À l’utilisation, une moto électrique ne rejette ni dioxyde de carbone ni polluants issus de l’échappement sur la rue. Elle reste cependant une source de particules liées aux pneus, à la chaussée et, dans une moindre mesure, aux freins. Son bilan global dépend aussi de la fabrication du véhicule et de la batterie, de l’électricité utilisée pour la recharge, de sa durée de vie et du nombre de kilomètres réellement parcourus.

  • Préférez l’électrique lorsqu’il remplace un trajet effectué seul en voiture thermique, surtout pour des parcours urbains répétés.
  • Regroupez les déplacements pour éviter une location destinée à un très court trajet accessible à pied, à vélo ou en transports collectifs.
  • Choisissez une batterie et une autonomie adaptées plutôt qu’un modèle très lourd inutilement surdimensionné.
  • Utilisez la recharge proposée par le loueur et respectez son niveau de restitution pour limiter les déplacements et manipulations inutiles.

Pour moins de 10 km en ville, un vélo à assistance électrique, un vélo-cargo ou les transports collectifs sont souvent moins chers et plus sobres. Pour transporter deux personnes sur 30 à 100 km, la moto ou le scooter électrique garde un avantage pratique. Sur une longue distance autoroutière, le temps de recharge et l’autonomie réduite à vitesse élevée peuvent rendre la location thermique, le train avec location locale ou la voiture partagée plus cohérents selon le trajet.

Questions fréquentes

Quel permis faut-il pour louer une moto électrique ?

Cela dépend de sa catégorie administrative. Un équivalent 50 cm³ relève généralement du permis AM, un équivalent 125 cm³ du permis A1 ou, sous conditions, du permis B avec formation de sept heures. Les motos plus puissantes exigent un permis A2 ou A. Vérifiez la carte grise et les conditions du loueur, qui peut imposer une ancienneté de permis supérieure.

Peut-on louer une moto électrique avec un permis B ?

Oui, pour certains équivalents 125 cm³, lorsque le permis B est détenu depuis au moins deux ans et que la formation de sept heures a été suivie, sous réserve des exceptions légales. Cela ne donne pas accès aux motos A2 ou A. Le loueur peut aussi exiger un âge minimal et une durée de permis spécifiques : son contrat doit être vérifié avant réservation.

Quelle autonomie prévoir pour une moto électrique de location ?

Pour un équivalent 50, comptez souvent 35 à 70 km. Un équivalent 125 offre fréquemment 70 à 130 km en usage réaliste, tandis qu’une moto routière peut dépasser 120 km dans de bonnes conditions. Retenez seulement 60 à 75 % du chiffre annoncé pour un trajet rapide, froid, vallonné, avec passager ou bagages, et gardez une réserve de charge.

La recharge est-elle comprise dans le prix de location ?

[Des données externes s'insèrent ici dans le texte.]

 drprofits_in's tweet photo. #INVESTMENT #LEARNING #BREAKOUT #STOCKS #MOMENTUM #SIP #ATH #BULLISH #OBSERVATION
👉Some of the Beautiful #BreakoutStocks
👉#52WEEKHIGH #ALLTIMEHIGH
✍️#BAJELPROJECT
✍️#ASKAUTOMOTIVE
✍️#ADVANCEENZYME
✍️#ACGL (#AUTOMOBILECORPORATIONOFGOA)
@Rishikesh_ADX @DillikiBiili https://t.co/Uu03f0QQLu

Pas systématiquement. Certains loueurs incluent la recharge au retour, d’autres demandent une restitution à un pourcentage précis et facturent le complément. Une recharge sur borne publique est généralement payante, souvent au kWh ou à la durée. Avant de partir, demandez le niveau de batterie de départ, le niveau exigé au retour, le type de câble fourni et les éventuels frais de remise en charge.

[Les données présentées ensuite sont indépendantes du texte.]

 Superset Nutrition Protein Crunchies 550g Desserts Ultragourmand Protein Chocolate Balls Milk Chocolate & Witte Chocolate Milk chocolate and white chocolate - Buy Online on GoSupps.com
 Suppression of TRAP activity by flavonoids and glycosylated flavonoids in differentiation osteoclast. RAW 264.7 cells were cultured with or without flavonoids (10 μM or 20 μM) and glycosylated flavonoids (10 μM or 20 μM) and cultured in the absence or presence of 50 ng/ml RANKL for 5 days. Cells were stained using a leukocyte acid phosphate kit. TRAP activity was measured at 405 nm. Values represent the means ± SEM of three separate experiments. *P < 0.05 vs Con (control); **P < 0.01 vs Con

Quelle caution faut-il pour louer une moto électrique ?

Les cautions observées vont couramment de 500 à 1 000 € pour un petit équivalent 50, de 1 000 à 2 500 € pour un équivalent 125 et jusqu’à 4 000 € ou davantage pour une moto puissante. Il s’agit souvent d’une préautorisation bancaire. Vérifiez que votre plafond de carte le permet et distinguez cette somme de la franchise d’assurance.

Une moto électrique peut-elle circuler dans toutes les zones à faibles émissions ?

Les véhicules électriques bénéficient en principe de la vignette Crit’Air verte, mais les règles d’accès, les horaires et les contrôles sont fixés localement. Une zone à faibles émissions peut évoluer et comporter des restrictions ponctuelles. Vérifiez la réglementation de la métropole concernée avant le départ et demandez au loueur si le véhicule porte bien la vignette ou le justificatif nécessaire.